##### EXERCISE DATA

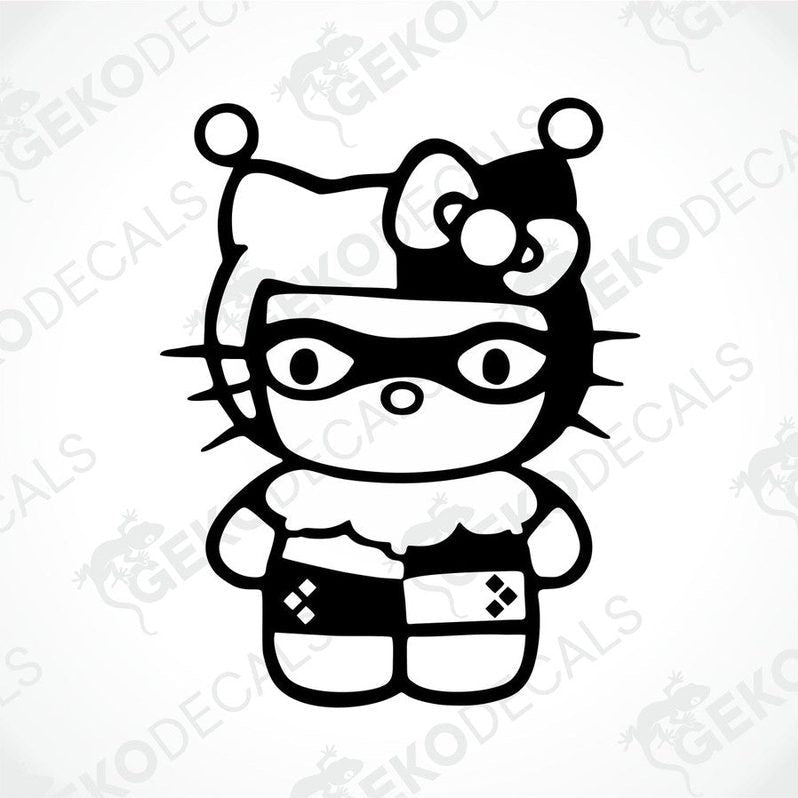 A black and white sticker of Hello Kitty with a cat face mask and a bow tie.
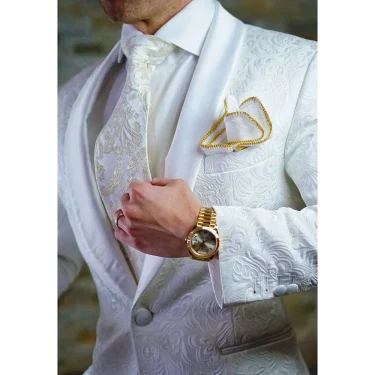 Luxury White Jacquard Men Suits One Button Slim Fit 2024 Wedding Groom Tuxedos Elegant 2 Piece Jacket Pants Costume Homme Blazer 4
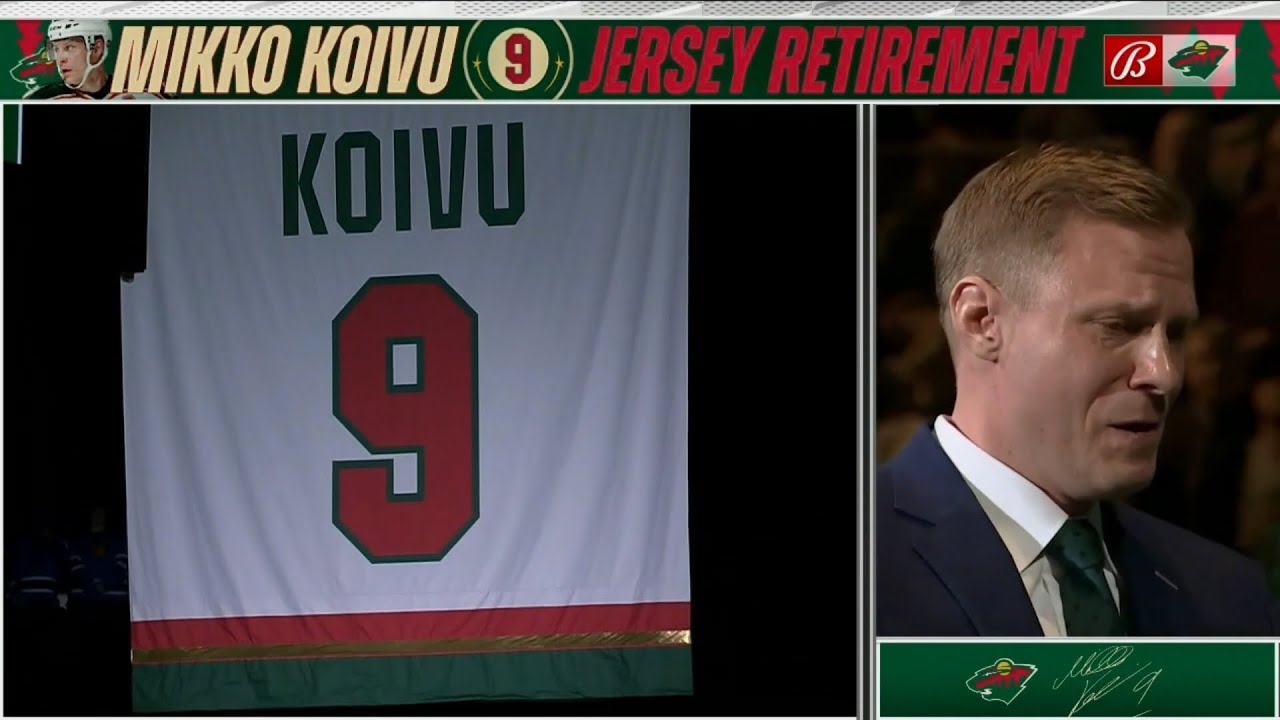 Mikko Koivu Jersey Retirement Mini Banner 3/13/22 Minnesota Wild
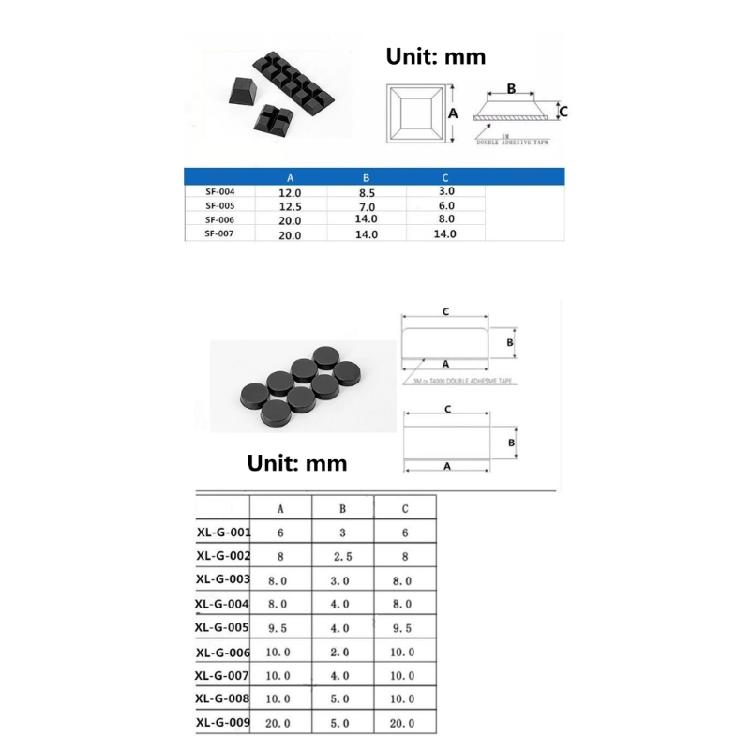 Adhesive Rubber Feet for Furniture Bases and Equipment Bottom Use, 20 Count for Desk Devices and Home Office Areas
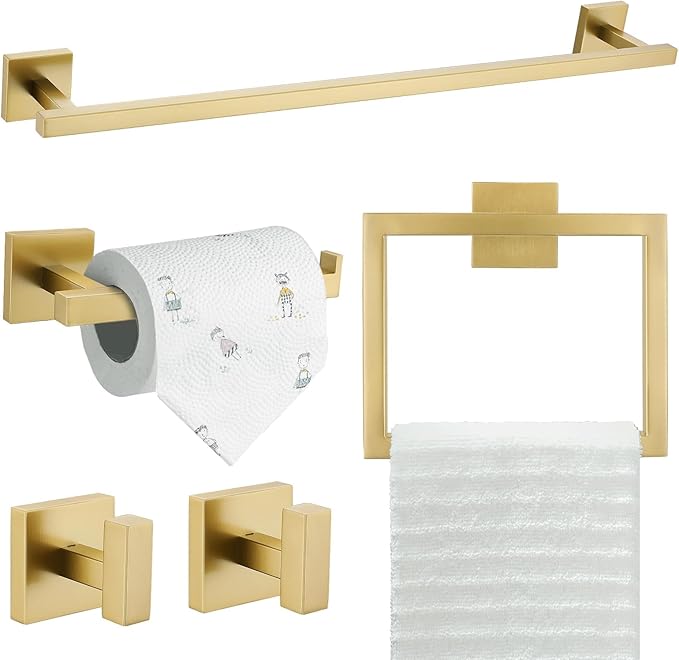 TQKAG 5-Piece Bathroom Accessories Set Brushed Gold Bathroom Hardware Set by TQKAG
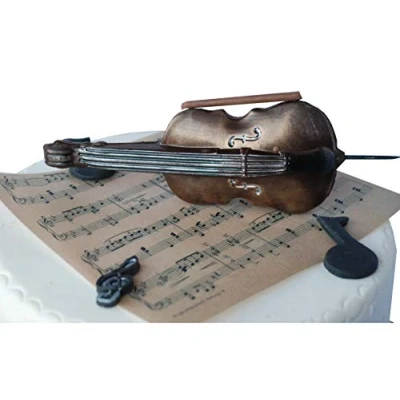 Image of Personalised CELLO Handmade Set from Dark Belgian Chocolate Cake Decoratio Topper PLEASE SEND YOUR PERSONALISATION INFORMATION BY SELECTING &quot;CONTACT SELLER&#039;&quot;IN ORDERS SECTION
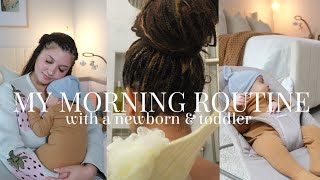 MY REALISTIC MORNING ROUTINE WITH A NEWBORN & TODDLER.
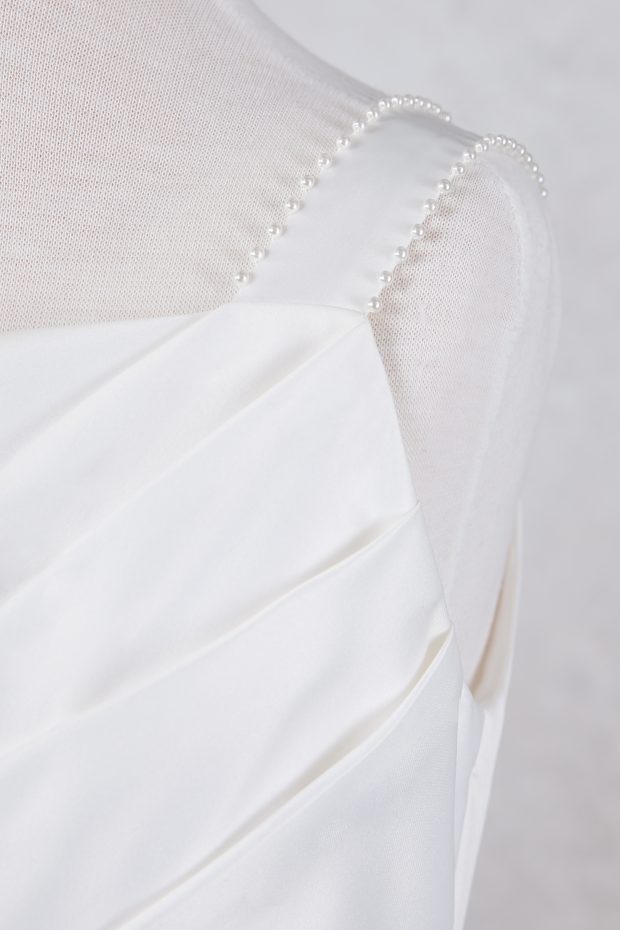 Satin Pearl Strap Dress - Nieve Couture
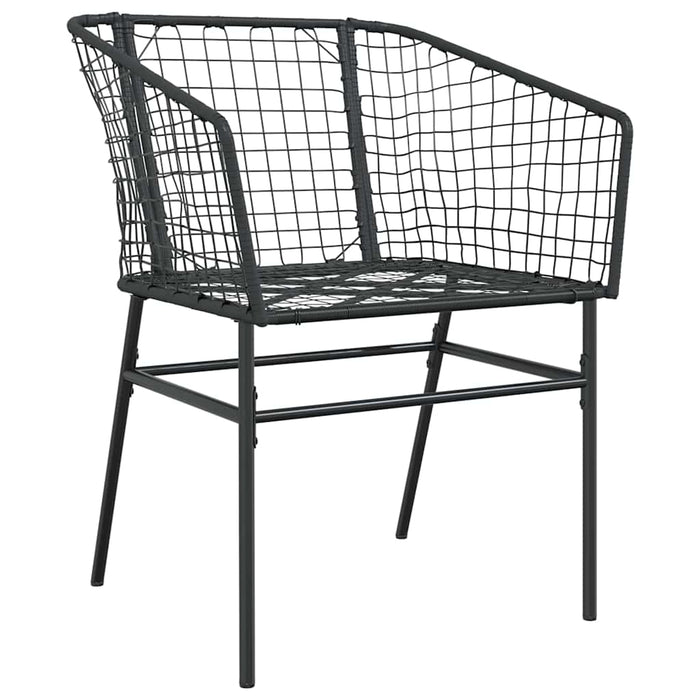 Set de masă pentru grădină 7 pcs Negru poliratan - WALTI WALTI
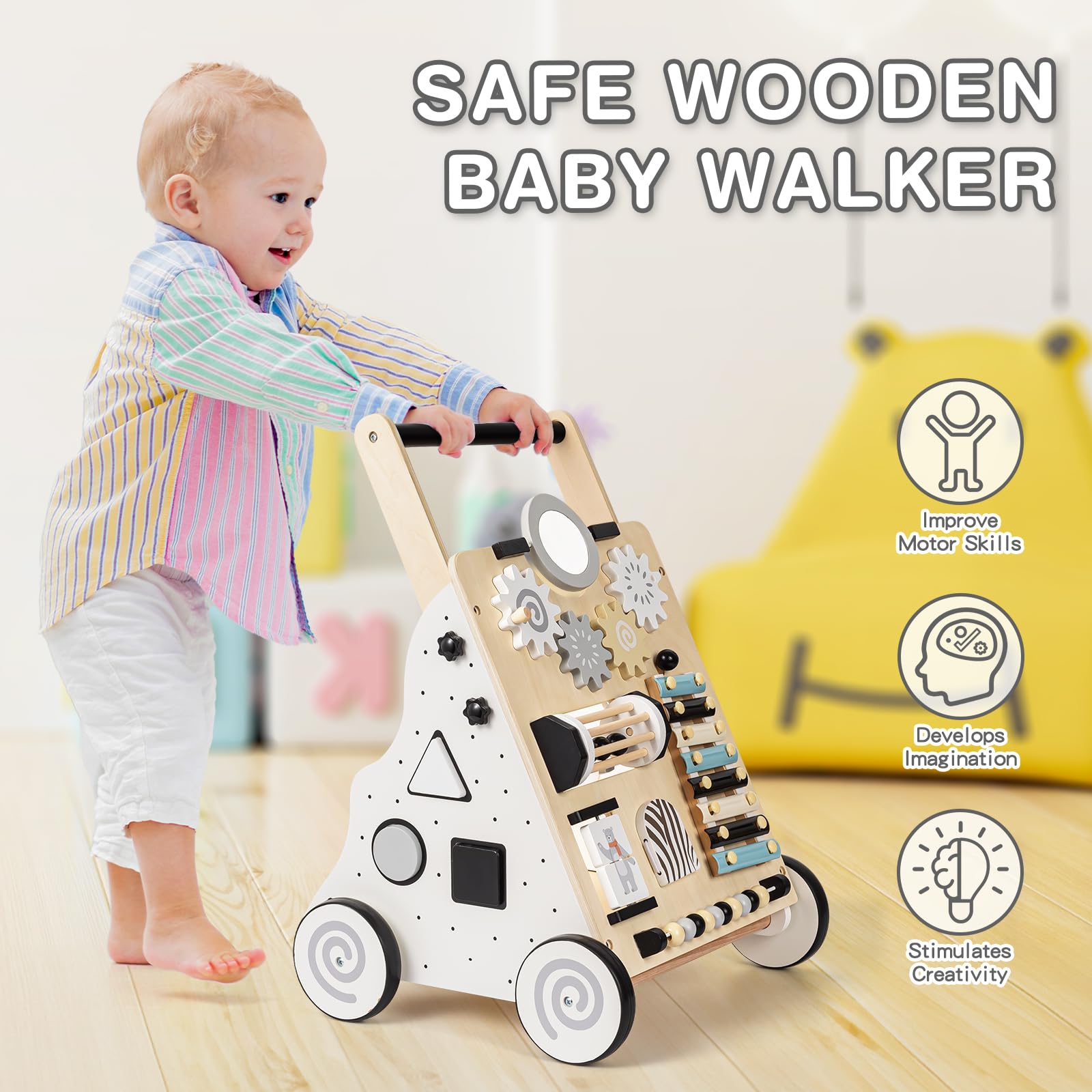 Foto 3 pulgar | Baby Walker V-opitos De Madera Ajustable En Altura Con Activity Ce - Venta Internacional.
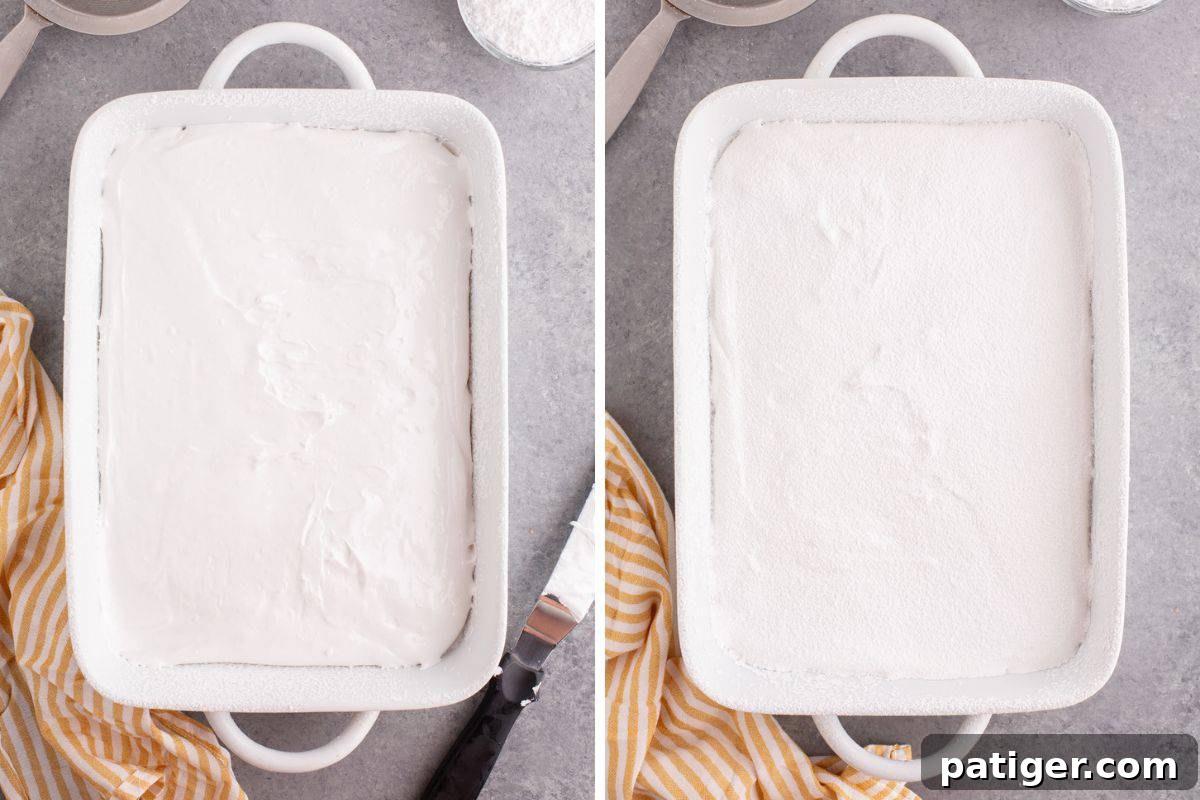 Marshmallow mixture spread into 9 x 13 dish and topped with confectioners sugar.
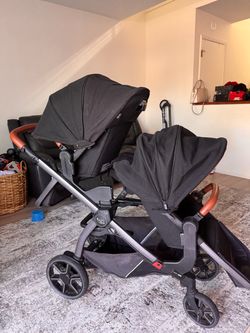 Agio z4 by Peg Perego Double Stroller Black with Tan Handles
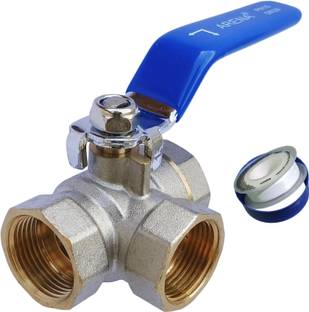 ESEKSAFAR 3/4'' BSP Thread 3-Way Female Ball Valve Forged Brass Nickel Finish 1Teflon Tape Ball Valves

##########

## WHAT TO DO
The copy should hold exactly the lines from the line containing "Foto 3 pulgar" through the end of the data, both ends included, and no pictures.

## ANSWER SECTION
 Foto 3 pulgar | Baby Walker V-opitos De Madera Ajustable En Altura Con Activity Ce - Venta Internacional.
 Marshmallow mixture spread into 9 x 13 dish and topped with confectioners sugar.
 Agio z4 by Peg Perego Double Stroller Black with Tan Handles
 ESEKSAFAR 3/4'' BSP Thread 3-Way Female Ball Valve Forged Brass Nickel Finish 1Teflon Tape Ball Valves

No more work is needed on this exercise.